The massive, sealed concrete container, which workers will start installing within weeks, will be the biggest "liquid-column damping" system in North America - and likely the world.

The tank isn't needed for structural safety, just for comfort, said engineers at Motioneering, the Canadian firm that designed it. The system is tuned so that if the building moves back and forth a few inches in high winds, water will slosh in the opposite direction - putting a damper on any unsettling motion for people on the upper floors.

"This is almost like a large waterbed," said John Gattuso, senior vice president for the developer, Liberty Property Trust.

At least a dozen such tanks have been installed since they came into vogue in the 1990s, but other kinds of dampers have been used for several decades. As architects have designed their skyscrapers to be ever loftier and more slender, engineers have resorted to a variety of means to keep the willowy wonders in check.

Some - such as Taiwan's Taipei 101, the world's tallest building - use a giant pendulum. Others use huge chunks of steel attached to springs.

Another option is simply to make a structure stiffer, as the Eagles are doing with the ramp that swayed on several occasions as fans left Lincoln Financial Field.

But a damper is an elegant design solution for today's svelte skyscraper. The key is that the pendulum or water moves back and forth at the same "natural frequency" as the building it's in - but in the opposite direction.

The Comcast Center, for example, is expected to oscillate once every seven seconds when deflected by the wind, Motioneering's Guy Ferguson said. The water will slosh in the opposite direction in the tank's twin U-shaped chambers.

The motion of the water, pendulum or other mass helps offset any wind-induced acceleration felt by people in the building.

In addition, energy from this motion is absorbed by some sort of attached device, such as a hydraulic cylinder, and dissipated as heat. Otherwise, the building would rock longer. A car's shock absorbers work on the same principle.

In water tanks like the Comcast Center's, the energy is dissipated by vertical steel vanes, or louvers, that impede the back-and-forth flow of water.

Engineers expect tall buildings to give a bit, and the Comcast Center will be no different. A 75-m.p.h. wind would move the top floors about 18 inches, said Anjana Kadakia, project manager for Thornton Thomasetti, the firm that did the structural engineering.
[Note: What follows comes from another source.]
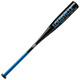 SL Samurai -11 (2-3/4") - Adult Baseball Bat - 1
The damping system doesn't prevent this kind of deflection. Rather, it makes the motion subside more quickly. If you imagine the building's movement as a wavy line on a graph, the wave would flatten out sooner on a building with a damper.

In high winds, the tank should reduce by about one-third the acceleration that a person would feel on the upper floors, said Ferguson, project manager for the water tank.

Engineers around the world have begun to choose water for some damping projects in part because it is cheaper than steel, and because pumping water to the top of a building is easy. In areas prone to earthquakes, the water also can be used as a backup supply for sprinklers, said Leighton Cochran, president of the American Association for Wind Engineering. The Philadelphia tank will not serve that purpose, however.

The developer of another building with a water-tank damper, One Wall Centre in Vancouver, was somewhat skeptical of the idea - at first.

"I've been up there many times on a windy day, especially when we were getting it finished, to see if this thing actually works," said Bruno Wall, president of Wall Financial Corp.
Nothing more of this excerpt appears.